Jaguars Eat More Fish Than Previously Thought
Posted on November 24th 2021
A group of jaguars in a wetland area of Brazil eat more fish than land animals, and are happy to socialise together according to a new report.
Jaguars were not thought to feed on large amounts of fish but for the first time this has now been shown to be incorrect. The research was carried out by Oregon State University alongside researchers in Brazil. The study location was the Brazilian Pantanal which is the worlds largest freshwater wetland habitat.
Difficult research location
Carrying out research in the Pantanal can be tricky given the nature of the habitat. There are few roads and the area is covered in swamp and marshland. To overcome this challenge researchers set up cameras that were triggered by movement, and put tracking devices on 13 jaguars.
During the course of their research the team gathered more than 1500 videos capturing footage of 69 different jaguars.

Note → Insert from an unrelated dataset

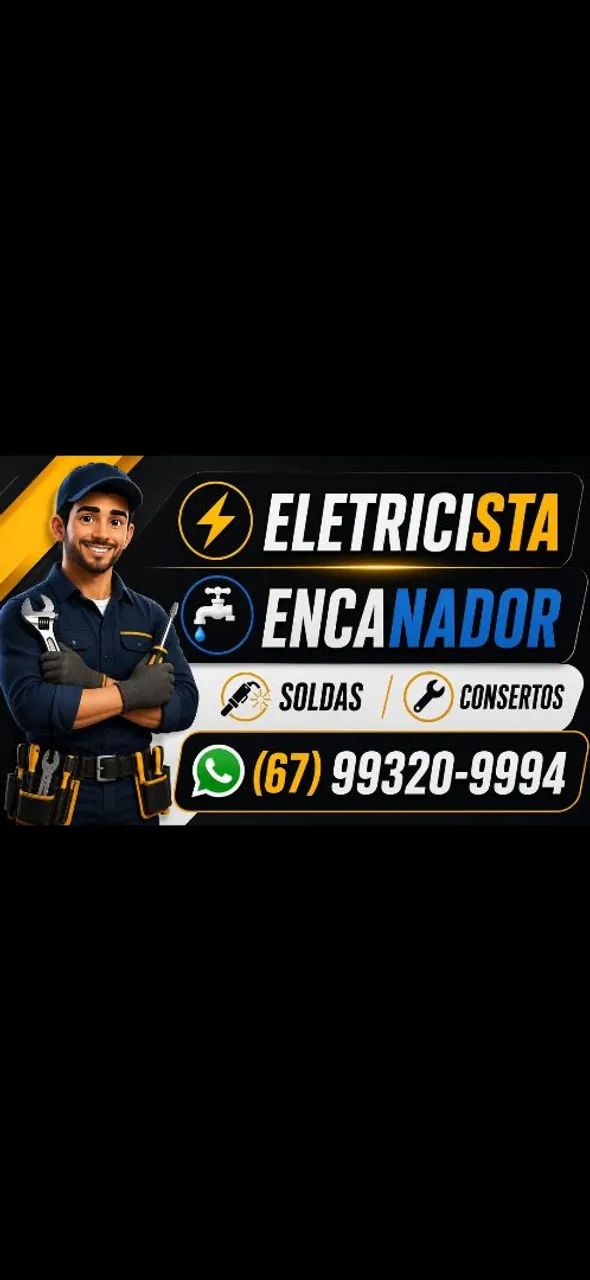 Encanador e eletricista encanador eletricista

Jaguars are known to be strong swimmers and lots of the videos show the animals swimming and catching fish and lizards that dwell in the water.
Another part of their research involved analysing the jaguars scats. Over 130 scats were looked at and interestingly they mostly contained bones of fish and aquatic reptiles. Only 11% had mammal remains. Research on jaguars had previously shown that land mammals such as deer and monkeys form the majority of their diets. Finding a group of jaguars mostly surviving on fish and lizards was an interesting discovery as researchers didn’t believe that to be the case.
Additional findings from the research came in the form of the social nature of the jaguars they encountered. Largely thought to be solitary animals, jaguars were previously thought to only come together to mate or fight over territory. However, the footage showed two adult male jaguars playing, fishing and travelling together. Such interactions have not been captured before. The researchers believe this level of social interaction may be possible because of the nature of the habitat that they occupy. The wetlands provide an abundance of fish, and the jaguars have adapted to use that food source. With the absence of competition for food, the jaguars are able to be less territorial and be more social.